What can be done about fake AI images?

We badly need better metadata and encrypted checksums. But are they enough?


P eople are finally realizing that “AI”, as it's charitably called, will make any images published by the news media suspect. Fake images have already turned up in the press. How can we deal with this problem?

Fake news doesn't need AI. Long before AI became a synonym for ‘fake’, reporters rigged cars to explode and hired actors who pretended to be suffering so they could promote their narrative. Maybe there's an upside: fake images will force people to become a bit more skeptical.

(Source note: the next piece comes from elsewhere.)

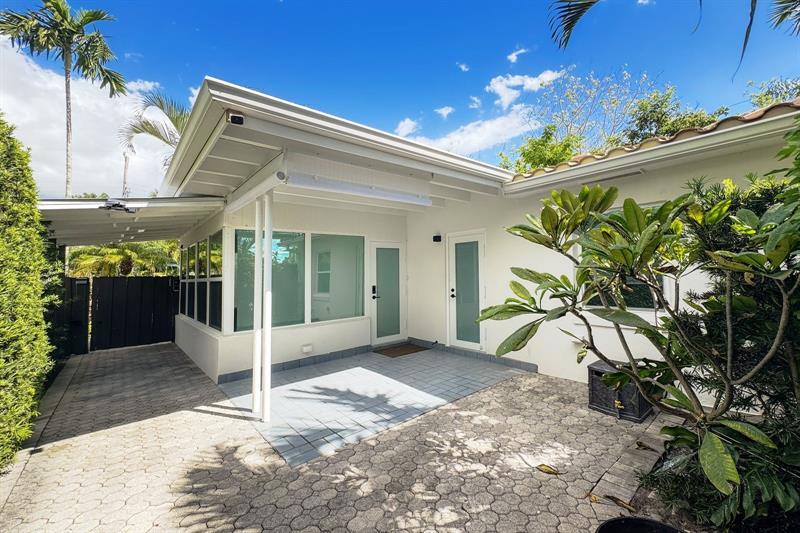 Foto principal - 1641 NE 5th Ct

Fake images also distract us from the real problem, which is that reporters are ruining what little credibility they have left by being political (which is now a synonym for ‘lying’). That's even true in science, where the recent hysteria over manipulated images distracts us from the fact that if someone wanted to promote a phony result, it's much easier just to design the experiment that guarantees the result they want rather than futzing around with an image and maybe getting caught.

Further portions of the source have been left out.